» PROVIDED DATA
━━━━━━━━

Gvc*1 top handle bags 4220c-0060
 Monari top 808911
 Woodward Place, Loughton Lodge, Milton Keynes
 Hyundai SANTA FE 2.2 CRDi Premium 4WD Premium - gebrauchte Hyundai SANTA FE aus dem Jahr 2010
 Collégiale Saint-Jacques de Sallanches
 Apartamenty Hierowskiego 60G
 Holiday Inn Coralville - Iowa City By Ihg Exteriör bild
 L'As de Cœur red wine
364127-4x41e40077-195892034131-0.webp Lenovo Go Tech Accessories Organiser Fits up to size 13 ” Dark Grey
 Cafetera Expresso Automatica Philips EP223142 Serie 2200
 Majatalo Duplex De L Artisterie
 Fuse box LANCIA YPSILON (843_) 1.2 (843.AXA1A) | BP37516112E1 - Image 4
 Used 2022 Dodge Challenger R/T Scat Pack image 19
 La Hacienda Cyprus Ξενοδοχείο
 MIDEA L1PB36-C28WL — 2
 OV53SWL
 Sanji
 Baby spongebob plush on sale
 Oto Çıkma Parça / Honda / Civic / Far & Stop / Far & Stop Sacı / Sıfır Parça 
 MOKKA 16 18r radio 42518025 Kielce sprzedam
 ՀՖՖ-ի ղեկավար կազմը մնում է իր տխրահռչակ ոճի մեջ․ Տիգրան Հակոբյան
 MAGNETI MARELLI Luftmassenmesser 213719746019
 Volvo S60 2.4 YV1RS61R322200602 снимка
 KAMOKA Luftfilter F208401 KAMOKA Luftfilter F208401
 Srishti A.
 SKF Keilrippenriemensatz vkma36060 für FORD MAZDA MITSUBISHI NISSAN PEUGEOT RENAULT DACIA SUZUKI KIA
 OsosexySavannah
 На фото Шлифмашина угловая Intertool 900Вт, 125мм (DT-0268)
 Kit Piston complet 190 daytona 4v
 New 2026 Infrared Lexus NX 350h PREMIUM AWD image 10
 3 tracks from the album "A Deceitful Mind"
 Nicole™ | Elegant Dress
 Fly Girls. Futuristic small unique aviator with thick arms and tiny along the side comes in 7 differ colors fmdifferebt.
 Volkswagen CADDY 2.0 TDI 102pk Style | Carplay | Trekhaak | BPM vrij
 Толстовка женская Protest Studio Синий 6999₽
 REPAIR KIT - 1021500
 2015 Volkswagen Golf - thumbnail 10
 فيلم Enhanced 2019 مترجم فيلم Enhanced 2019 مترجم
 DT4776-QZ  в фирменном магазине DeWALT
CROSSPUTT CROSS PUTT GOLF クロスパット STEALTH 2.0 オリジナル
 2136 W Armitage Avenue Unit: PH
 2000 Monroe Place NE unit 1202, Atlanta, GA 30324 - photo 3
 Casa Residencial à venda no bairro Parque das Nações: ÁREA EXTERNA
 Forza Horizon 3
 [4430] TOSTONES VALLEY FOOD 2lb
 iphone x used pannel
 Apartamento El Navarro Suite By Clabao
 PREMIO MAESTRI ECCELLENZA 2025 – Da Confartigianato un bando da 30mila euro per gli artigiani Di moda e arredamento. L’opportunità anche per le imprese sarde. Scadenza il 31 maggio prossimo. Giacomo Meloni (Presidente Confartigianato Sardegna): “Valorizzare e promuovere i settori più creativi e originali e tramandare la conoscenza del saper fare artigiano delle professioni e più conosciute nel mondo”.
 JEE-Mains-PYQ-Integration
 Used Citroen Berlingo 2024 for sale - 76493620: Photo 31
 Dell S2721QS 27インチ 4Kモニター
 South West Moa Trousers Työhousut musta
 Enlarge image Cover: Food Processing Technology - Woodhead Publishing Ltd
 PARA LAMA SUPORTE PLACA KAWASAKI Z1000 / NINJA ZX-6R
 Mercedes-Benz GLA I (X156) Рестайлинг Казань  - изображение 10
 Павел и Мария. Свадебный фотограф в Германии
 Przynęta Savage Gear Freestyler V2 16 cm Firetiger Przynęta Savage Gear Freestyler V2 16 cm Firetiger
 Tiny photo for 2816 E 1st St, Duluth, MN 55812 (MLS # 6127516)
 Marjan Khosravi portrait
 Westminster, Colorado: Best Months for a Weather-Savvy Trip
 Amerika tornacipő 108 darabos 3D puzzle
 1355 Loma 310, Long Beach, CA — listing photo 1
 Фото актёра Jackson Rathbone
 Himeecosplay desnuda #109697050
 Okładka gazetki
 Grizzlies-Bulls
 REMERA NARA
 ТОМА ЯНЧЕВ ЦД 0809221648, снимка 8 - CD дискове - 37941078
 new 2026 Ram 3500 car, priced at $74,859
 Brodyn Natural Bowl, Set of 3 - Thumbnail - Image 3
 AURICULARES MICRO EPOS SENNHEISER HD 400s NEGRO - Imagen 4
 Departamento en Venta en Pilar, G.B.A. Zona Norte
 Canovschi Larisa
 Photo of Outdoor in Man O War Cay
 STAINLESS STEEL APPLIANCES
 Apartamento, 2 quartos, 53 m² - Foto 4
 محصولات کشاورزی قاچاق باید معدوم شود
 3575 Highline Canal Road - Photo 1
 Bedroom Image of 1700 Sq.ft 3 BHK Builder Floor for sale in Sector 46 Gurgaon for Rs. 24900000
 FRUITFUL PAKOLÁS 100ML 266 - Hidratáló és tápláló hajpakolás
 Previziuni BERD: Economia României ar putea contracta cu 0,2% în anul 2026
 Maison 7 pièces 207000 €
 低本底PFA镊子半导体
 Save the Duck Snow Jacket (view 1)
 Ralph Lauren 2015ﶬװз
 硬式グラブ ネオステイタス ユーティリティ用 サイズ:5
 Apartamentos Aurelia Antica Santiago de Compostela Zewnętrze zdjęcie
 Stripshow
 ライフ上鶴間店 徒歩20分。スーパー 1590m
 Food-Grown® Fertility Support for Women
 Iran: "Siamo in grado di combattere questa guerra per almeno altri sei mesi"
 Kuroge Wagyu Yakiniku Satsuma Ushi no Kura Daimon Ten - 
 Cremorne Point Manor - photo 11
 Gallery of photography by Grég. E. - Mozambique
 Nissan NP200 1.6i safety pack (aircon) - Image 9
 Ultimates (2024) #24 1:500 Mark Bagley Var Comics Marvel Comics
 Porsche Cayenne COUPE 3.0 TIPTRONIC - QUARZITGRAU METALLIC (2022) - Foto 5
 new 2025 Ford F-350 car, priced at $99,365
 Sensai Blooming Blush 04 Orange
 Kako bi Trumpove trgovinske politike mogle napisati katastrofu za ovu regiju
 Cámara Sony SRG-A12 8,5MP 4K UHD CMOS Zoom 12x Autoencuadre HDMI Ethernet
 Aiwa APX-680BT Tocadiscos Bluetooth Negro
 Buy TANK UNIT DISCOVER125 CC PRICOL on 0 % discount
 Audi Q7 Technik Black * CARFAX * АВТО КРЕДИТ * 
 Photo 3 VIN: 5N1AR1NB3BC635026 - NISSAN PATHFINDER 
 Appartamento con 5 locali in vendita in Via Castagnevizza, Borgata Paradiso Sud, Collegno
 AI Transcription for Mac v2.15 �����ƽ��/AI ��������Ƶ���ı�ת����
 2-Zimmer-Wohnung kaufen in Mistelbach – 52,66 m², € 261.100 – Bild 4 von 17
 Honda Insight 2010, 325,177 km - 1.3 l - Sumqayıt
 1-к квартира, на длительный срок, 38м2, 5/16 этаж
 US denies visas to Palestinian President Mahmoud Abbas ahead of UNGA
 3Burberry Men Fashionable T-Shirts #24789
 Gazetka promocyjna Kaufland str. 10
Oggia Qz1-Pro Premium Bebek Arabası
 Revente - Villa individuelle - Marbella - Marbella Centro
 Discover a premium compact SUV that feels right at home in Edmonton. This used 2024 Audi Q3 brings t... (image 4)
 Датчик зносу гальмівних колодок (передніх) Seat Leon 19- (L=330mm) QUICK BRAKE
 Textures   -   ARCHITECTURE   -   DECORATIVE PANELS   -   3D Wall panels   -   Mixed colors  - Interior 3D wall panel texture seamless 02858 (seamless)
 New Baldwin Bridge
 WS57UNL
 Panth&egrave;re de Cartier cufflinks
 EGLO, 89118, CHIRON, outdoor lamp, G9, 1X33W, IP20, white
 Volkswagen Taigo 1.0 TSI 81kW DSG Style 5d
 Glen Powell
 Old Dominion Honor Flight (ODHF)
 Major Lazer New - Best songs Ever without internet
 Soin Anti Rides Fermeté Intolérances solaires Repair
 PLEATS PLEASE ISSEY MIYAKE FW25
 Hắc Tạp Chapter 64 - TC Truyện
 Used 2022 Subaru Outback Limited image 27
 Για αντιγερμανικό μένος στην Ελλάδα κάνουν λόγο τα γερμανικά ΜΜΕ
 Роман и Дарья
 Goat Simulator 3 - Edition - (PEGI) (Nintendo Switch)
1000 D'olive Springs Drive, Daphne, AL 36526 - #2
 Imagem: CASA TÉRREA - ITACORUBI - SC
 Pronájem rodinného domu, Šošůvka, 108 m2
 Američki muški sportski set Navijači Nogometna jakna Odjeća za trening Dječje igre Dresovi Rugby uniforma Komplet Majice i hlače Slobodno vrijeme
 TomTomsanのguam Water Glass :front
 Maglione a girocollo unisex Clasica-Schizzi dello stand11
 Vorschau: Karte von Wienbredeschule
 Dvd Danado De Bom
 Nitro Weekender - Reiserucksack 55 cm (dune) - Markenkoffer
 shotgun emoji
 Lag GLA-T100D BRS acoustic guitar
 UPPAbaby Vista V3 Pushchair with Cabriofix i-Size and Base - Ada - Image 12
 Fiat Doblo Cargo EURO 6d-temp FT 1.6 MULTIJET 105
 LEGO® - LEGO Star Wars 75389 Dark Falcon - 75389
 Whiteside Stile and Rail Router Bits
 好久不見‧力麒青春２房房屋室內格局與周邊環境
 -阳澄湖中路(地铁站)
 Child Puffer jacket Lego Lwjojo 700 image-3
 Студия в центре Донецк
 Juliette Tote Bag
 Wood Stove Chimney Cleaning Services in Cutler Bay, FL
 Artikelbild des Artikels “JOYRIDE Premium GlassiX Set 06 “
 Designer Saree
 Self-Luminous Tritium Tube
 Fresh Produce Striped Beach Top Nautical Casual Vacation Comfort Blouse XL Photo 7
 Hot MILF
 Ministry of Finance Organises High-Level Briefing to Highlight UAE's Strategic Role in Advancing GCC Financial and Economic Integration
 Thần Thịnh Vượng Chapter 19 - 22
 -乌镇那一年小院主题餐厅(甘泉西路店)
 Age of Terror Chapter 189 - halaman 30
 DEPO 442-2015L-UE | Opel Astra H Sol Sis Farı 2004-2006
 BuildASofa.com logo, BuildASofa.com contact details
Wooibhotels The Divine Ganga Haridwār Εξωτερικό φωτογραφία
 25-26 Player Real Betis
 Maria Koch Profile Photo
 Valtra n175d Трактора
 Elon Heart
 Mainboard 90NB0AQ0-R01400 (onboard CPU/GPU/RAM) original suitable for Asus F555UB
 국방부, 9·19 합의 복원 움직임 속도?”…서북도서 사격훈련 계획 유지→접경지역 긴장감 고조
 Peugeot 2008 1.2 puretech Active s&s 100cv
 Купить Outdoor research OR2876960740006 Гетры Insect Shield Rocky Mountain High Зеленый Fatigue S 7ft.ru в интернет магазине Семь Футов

━━━━━━━━

Take the lines above from the one containing "Monari top 808911" to the one containing "На фото Шлифмашина" and retype them exactly, both ends included, with nothing added.

» OUTPUT FOR THIS EXERCISE
 Monari top 808911
 Woodward Place, Loughton Lodge, Milton Keynes
 Hyundai SANTA FE 2.2 CRDi Premium 4WD Premium - gebrauchte Hyundai SANTA FE aus dem Jahr 2010
 Collégiale Saint-Jacques de Sallanches
 Apartamenty Hierowskiego 60G
 Holiday Inn Coralville - Iowa City By Ihg Exteriör bild
 L'As de Cœur red wine
364127-4x41e40077-195892034131-0.webp Lenovo Go Tech Accessories Organiser Fits up to size 13 ” Dark Grey
 Cafetera Expresso Automatica Philips EP223142 Serie 2200
 Majatalo Duplex De L Artisterie
 Fuse box LANCIA YPSILON (843_) 1.2 (843.AXA1A) | BP37516112E1 - Image 4
 Used 2022 Dodge Challenger R/T Scat Pack image 19
 La Hacienda Cyprus Ξενοδοχείο
 MIDEA L1PB36-C28WL — 2
 OV53SWL
 Sanji
 Baby spongebob plush on sale
 Oto Çıkma Parça / Honda / Civic / Far & Stop / Far & Stop Sacı / Sıfır Parça 
 MOKKA 16 18r radio 42518025 Kielce sprzedam
 ՀՖՖ-ի ղեկավար կազմը մնում է իր տխրահռչակ ոճի մեջ․ Տիգրան Հակոբյան
 MAGNETI MARELLI Luftmassenmesser 213719746019
 Volvo S60 2.4 YV1RS61R322200602 снимка
 KAMOKA Luftfilter F208401 KAMOKA Luftfilter F208401
 Srishti A.
 SKF Keilrippenriemensatz vkma36060 für FORD MAZDA MITSUBISHI NISSAN PEUGEOT RENAULT DACIA SUZUKI KIA
 OsosexySavannah
 На фото Шлифмашина угловая Intertool 900Вт, 125мм (DT-0268)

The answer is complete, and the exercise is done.